Contact: Andrea Pickart, Preserve Manager Lanphere-Christensen Dunes Preserve 6800 Lanphere Road Arcata, CA 95521 (707) 822-6378.

Management Research Programs: The Habitat Restoration Program of the Menzies' Wallflower Research Project (MWRP) at Humboldt State University, Arcata, California, is currently investigating three methods of A. arenaria control: salt application, use of herbicides, and manual removal. Previous research at LCDP indicates manual removal (digging up plants 10 cm below the surface at repeated intervals) is effective in reducing stand density. An ongoing eradication program has utilized this method with mixed results. Complete eradication has been accomplished on only one stand. The MWRP is implementing an experimental program which increases the frequency and depth of digging to remove the active rhizome bud bank.

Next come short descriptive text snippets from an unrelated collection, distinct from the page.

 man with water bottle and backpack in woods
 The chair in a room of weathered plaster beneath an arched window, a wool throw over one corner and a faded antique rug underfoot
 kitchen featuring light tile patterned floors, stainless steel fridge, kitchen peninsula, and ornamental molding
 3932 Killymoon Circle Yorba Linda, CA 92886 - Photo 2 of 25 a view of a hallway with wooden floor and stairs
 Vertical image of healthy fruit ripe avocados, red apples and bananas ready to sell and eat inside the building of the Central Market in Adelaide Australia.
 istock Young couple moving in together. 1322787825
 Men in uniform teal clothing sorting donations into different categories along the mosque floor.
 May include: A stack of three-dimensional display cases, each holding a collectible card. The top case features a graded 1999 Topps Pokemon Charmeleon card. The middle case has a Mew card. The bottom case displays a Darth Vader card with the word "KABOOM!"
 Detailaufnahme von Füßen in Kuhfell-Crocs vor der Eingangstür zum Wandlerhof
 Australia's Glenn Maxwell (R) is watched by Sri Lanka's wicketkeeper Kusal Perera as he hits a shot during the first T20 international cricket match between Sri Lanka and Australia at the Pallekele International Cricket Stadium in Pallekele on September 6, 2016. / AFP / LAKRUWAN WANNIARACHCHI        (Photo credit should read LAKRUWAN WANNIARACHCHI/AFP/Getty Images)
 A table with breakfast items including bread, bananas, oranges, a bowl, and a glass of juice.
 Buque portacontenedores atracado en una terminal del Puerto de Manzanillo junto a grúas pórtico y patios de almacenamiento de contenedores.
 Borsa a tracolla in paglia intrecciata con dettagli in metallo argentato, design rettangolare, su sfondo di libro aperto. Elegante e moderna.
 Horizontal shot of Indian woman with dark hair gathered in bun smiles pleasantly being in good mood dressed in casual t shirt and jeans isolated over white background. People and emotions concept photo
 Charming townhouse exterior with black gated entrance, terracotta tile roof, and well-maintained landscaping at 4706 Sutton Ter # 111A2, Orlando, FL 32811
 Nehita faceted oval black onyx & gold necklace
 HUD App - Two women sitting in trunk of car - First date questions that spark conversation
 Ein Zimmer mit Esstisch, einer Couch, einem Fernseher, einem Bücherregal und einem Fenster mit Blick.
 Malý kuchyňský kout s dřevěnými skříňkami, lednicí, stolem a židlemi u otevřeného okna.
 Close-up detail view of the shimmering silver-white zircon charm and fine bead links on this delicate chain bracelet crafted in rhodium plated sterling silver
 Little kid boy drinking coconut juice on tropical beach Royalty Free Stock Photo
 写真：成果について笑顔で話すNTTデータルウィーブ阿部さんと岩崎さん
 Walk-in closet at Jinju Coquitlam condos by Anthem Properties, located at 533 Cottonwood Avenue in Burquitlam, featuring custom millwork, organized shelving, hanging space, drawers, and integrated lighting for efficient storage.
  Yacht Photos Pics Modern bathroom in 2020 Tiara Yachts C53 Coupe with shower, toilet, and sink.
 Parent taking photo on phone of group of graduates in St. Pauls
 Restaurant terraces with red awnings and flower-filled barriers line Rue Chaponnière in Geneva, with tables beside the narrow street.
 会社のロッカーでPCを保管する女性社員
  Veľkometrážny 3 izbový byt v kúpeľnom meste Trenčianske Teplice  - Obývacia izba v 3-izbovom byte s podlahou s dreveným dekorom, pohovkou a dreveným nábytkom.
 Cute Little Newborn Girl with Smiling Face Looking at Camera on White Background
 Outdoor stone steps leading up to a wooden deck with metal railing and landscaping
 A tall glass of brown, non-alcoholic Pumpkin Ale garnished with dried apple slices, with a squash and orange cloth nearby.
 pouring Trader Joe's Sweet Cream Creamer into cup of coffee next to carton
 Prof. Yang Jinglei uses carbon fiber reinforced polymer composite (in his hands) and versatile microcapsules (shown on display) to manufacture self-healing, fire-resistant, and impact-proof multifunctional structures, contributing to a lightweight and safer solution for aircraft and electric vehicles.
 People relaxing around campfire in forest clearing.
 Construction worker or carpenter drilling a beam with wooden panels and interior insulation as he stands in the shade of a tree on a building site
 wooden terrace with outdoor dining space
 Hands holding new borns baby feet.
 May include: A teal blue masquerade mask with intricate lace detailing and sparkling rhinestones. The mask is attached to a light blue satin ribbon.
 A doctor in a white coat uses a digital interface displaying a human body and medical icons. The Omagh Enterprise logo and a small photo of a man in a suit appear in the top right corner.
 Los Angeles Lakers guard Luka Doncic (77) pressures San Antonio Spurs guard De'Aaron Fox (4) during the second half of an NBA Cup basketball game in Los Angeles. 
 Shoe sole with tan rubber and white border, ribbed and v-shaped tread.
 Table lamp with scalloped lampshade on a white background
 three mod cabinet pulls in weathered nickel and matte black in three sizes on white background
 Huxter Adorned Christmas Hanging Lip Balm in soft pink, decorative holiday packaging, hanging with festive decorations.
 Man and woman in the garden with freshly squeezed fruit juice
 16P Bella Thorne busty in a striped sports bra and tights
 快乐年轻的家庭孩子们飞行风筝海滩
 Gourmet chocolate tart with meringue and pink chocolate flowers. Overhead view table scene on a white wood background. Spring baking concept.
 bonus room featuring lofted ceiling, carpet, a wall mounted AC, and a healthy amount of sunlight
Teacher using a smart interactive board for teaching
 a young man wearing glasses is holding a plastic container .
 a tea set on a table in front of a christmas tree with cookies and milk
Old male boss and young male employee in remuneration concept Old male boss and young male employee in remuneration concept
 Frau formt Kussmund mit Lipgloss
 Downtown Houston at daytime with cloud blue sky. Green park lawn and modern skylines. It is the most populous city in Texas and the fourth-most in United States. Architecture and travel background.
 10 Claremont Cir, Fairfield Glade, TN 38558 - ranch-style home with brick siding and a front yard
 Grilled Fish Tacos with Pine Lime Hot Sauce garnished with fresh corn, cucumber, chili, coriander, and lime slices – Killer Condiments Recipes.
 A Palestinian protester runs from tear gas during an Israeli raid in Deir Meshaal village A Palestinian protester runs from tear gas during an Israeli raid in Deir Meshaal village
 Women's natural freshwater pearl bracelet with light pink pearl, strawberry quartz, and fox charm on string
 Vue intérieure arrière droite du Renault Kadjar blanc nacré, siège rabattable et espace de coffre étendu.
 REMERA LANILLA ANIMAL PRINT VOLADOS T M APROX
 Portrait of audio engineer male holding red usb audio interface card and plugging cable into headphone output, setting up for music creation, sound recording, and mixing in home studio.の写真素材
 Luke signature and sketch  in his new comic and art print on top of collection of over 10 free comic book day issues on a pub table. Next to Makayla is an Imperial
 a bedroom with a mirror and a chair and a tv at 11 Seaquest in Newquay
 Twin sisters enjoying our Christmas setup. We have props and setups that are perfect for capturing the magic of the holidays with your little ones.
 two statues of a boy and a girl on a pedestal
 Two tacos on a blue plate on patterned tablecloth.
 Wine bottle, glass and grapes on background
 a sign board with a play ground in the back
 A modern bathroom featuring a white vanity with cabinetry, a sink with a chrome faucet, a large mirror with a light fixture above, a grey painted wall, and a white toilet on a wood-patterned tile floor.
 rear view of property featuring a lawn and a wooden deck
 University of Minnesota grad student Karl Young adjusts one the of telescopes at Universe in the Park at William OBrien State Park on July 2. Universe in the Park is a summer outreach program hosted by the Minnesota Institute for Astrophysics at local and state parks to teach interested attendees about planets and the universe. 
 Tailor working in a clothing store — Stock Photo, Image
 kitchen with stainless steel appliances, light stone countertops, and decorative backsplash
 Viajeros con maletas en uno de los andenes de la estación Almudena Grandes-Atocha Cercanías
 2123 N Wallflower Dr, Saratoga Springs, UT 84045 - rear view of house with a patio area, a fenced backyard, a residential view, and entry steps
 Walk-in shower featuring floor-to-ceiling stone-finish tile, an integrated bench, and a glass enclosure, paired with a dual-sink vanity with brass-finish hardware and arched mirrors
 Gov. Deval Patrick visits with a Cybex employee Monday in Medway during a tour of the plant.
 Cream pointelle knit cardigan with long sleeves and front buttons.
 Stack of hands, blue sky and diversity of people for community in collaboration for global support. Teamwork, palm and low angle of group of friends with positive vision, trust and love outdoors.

Earlier small-scale experiments at the preserve found that a 2% solution of Roundup, applied during anthesis, resulted in 60 to 100% mortality. The MWRP is further refining methods and specifications. Timing of application may be critical.

Salt was believed to be a potential control since A. arenaria has a relatively low tolerance to soil salt (NaCl), although brief to moderate exposure to high salinity may stimulate bud emergence (Baye 1988). Unfortunately, the use of NaCl to control a weedy species is illegal as it is not registered as a pesticide in the state of California. The use of alternate salts has not been addressed.

Management Research Needs: Research is needed on the effects of potential control methods including the use of herbicides (Roundup), manual removal, and salt application.

Stewardship Overview: Ammophila arenaria threatens coastal sand dunes in the eastern and western United States. It displaces native dune species and significantly alters the morphology of dune systems where it invades. Successful management of coastal sand dune elements requires the control of this aggressive species.

The spread of A. arenaria can be controlled through manual removal, but this type of control requires on-going treatment. Control should be emphasized until eradication techniques are refined. Further research is a high priority and is currently being carried out by Humboldt State University, California.